C’est le Hainaut qui se trouve être la province la plus touchée avec 90 faits. La ville de Bruxelles et la province de Liège complètent le top 3 avec respectivement 66 et 43 agressions répertoriées.
Bien sûr, ces chiffres ne sont pas exhaustifs. Mais ils témoignent néammoins d’une montée irrésistible de la violence au sein de nos écoles. Le ministre compte sur les « écoles mobiles » pour occuper le terrain et sensibiliser à la non-violence. Espérons que les statistiques de 2009 traduiront, sinon un recul, au moins une stagnation. Les enseignants – comme les élèves – mérient bien ça.1
- Source : Sudpresse – 5.02.09 [↩]
Si je comprends bien il s’agit donc principalement d’insultes et de menaces.
Donc je ne suis pas sûr qu’il y ait vraiment une augmentation de la violence.
Deux phénomènes peuvent jouer:
- les élèves contrôlent moins leurs paroles. Tout comme les parents.
- les profs signalent plus qu’avant les incidents, même s’il s’agit « seulement » de menaces.
Je ne dis pas que ce n’est pas grave. Une seule violence est une violence de trop. mais il faut relativiser.

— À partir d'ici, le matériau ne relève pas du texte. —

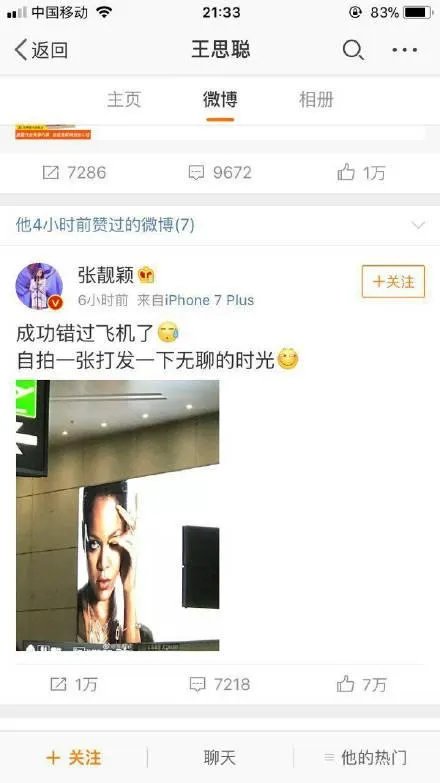 怎么从王思聪点赞看待张靓颖的情商？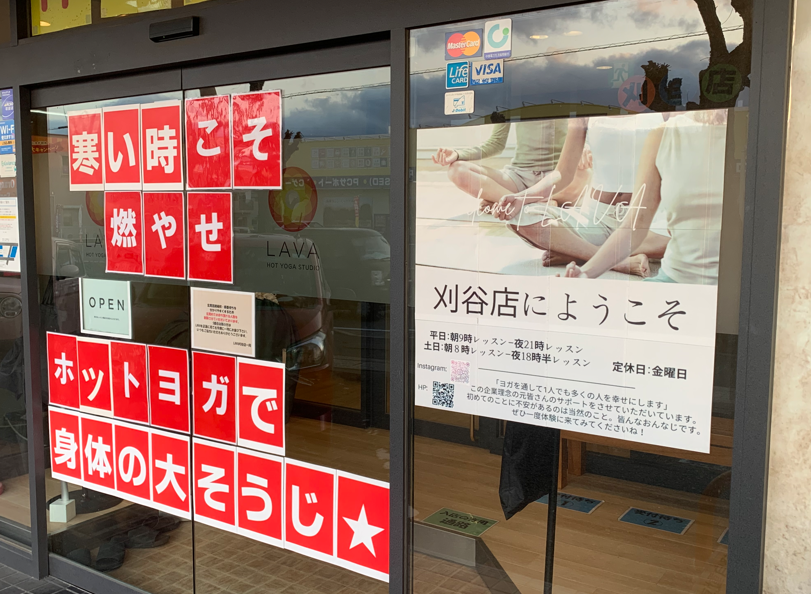 ホットヨガLAVA刈谷店｜体験レッスンを案内する入口横の販促ポスター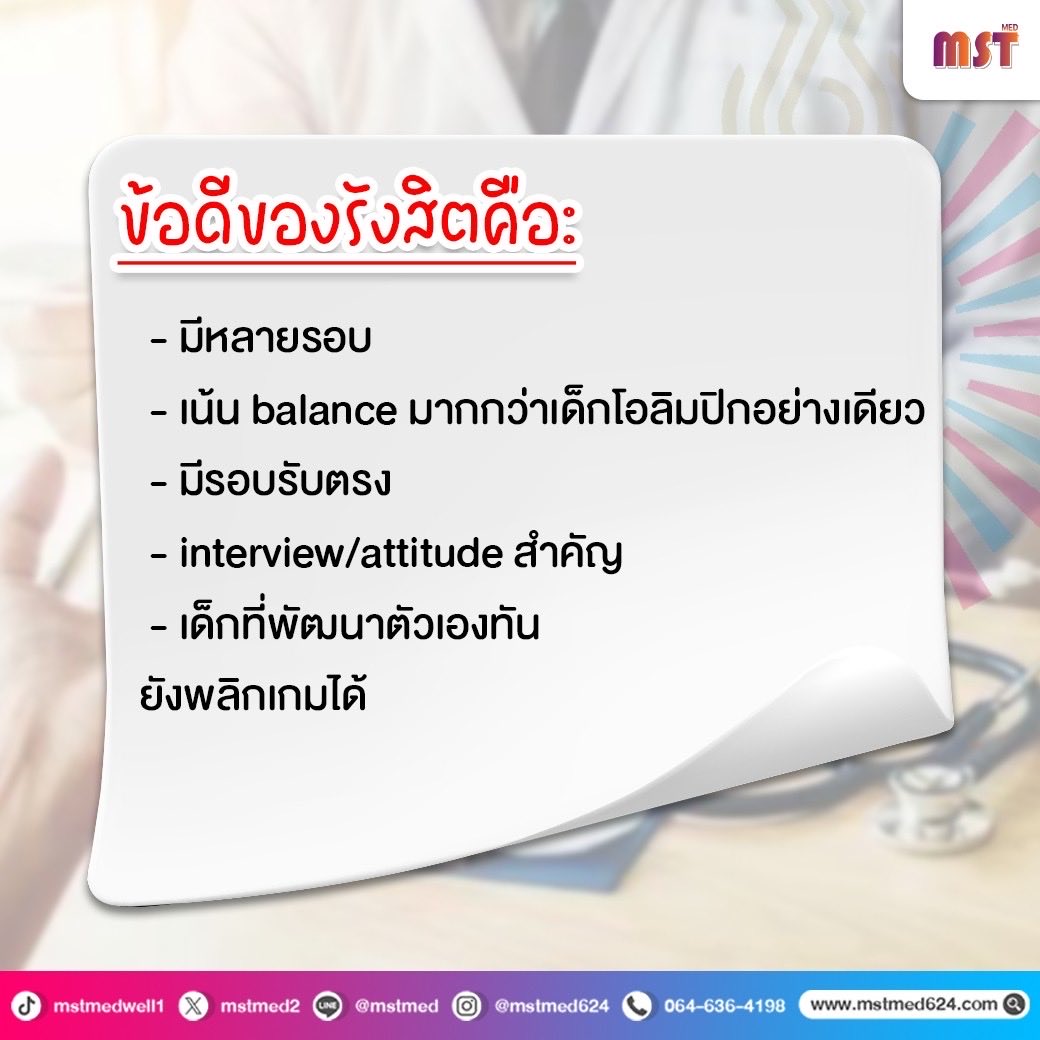 MSTMED2's tweet photo. 🩺 พลิกเกม "คะแนนอ่อน" สู่ "ว่าที่นักศึกษาแพทย์" รังสิต 🩺

น้องๆ Dek 70 คนไหนที่กำลังเครียด เพราะรู้สึกว่าคะแนนยังไม่เป็นใจ... อยากบอกว่า "อย่าเพิ่งท้อ!" 🚩

 เพราะการสอบเข้าแพทย์ ทันตะ หรือเภสัช รังสิต ไม่ได้วัดกันแค่ใคร "เทพวิชาการ" กว่ากัน แต่สำคัญที่ "การวางแผนให้ถูกจุด" ต่างหากครับ 🎯

💡 ทำไมรังสิตถึงเป็นโอกาสที่ดีของน้องๆ?

✅ มีหลายรอบ: โอกาสแก้ตัวมีเสมอ

✅ เน้น Balance: ไม่ต้องแข่งกับเด็กโอลิมปิกตลอดเวลา

✅ สำคัญที่ Interview/Attitude: ทัศนคติและการสื่อสาร มีผลมาก!

✅ พลิกเกมได้: ถ้าพัฒนาตัวเองทันและมีกลยุทธ์ที่ดี

🚀 Roadmap สำหรับเด็กคะแนนอ่อน (ฉบับทำได้จริง!):

ปรับทัศนคติก่อน: คะแนนน้อย = พื้นฐานยังไม่แน่น ไม่ได้แปลว่าไม่ฉลาด (แค่ต้องอุดจุดอ่อนให้ครบ!) 📝

Strategy ที่เวิร์ก: เน้น Biology + Chemistry + English เพราะดันคะแนนได้ไวกว่า ฟิสิกส์/คณิต

จัดตารางใหม่: แบ่งเวลาให้ชัด วันละ 3 ชม. (ชีวะ 1 ชม. / เคมี 1 ชม. / อังกฤษ+ฟิสิกส์/คณิต อย่างละ 30 นาที) 🕒

Active Recall: ปิดหนังสือแล้วลองอธิบายเองสำคัญกว่าการอ่านซ้ำ 🧠

ทำ Error Book: จดทุกจุดที่ผิด เพื่อเตือนตัวเองไม่ให้พลาดซ้ำ ❌

🔥 โอกาสติดสูงขึ้นมาก! ถ้ามี 4 สิ่งนี้:
1️⃣ พื้นฐานแน่น
2️⃣ ฝึกทำโจทย์ซ้ำๆ
3️⃣ Mock Exam บ่อยๆ
4️⃣ ฝึกสัมภาษณ์ (เพราะรังสิตตกสัมภาษณ์เยอะกว่าที่คิด!) 🗣️

📲 สนใจสมัครสอบถามเพิ่มเติม
✅ ID line : @mstmed (มี @ นำหน้า)
คลิก  https://t.co/9zJHLq9IPi

📞โทร 064-636-4198

🌐 https://t.co/Us5BxpZdMQ

💖 YouTube : Mst Med
: https://t.co/hfbuVmMBMk 

💖 Facebook : Mst Med ติวเข้าแพทย์ ทันตะ เภสัช ม.รังสิต
: https://t.co/Egys5QQur4

💖 TikTok : @mstmedwell1
: https://t.co/ywTYDDO7b5

💖 Twitter : @MSTMED2
: https://t.co/DIPSIHYuQB

💖 Ig : mstmedwell
: https://t.co/z06ijP6ZLG

#แพทย์รังสิต #ทันตะรังสิต #เภสัชรังสิต #Dek70 #เด็กซิ่ว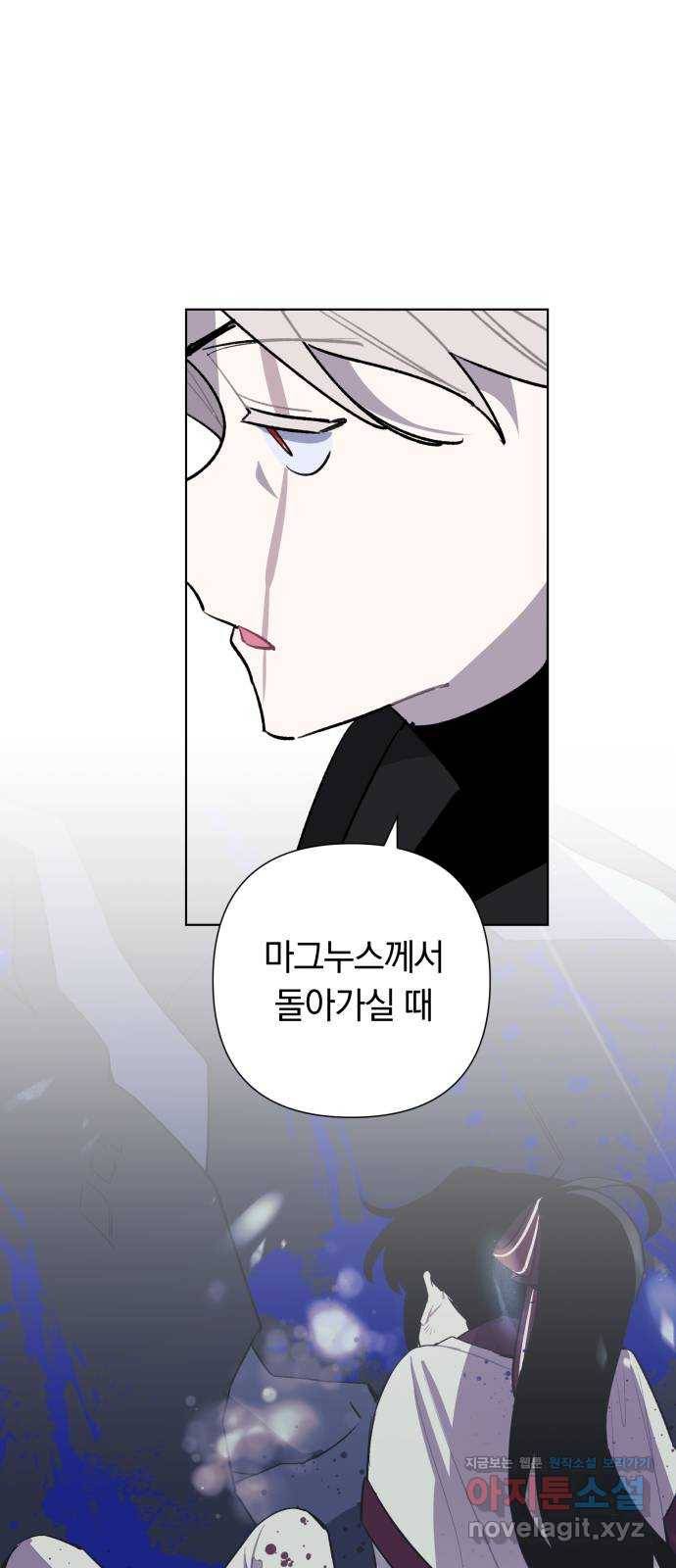 마법사가 죽음을 맞이하는 방법 30화 10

239 sur 100.000, c’est plus que la moyenne en CF?
« Le père s’accoutume à traiter son fils en égal (…), le maître tremble devant ses élèves et préfère les flatter (…), alors les citoyens se mettent à se moquer des lois (…) alors c’est, en toute beauté et en toute jeunesse le début de la tyrannie. »
Platon, République, l. VIII.
C’est un métier où l’on travaille avec du « matériel humain ». Dès lors, espérer que tout se passe comme dans le meilleur des mondes est illusoire. L’école n’est que le reflet de notre société même si cela reste un milieu protégé et ces chiffres ne sont pas significatifs. Evidemment, on ne peut ignorer que la province « à risques » est le Hainaut qui traîne un retard économique considérable en Wallonie avec un taux de chômage important. Cette corrélation n’est pas un hasard.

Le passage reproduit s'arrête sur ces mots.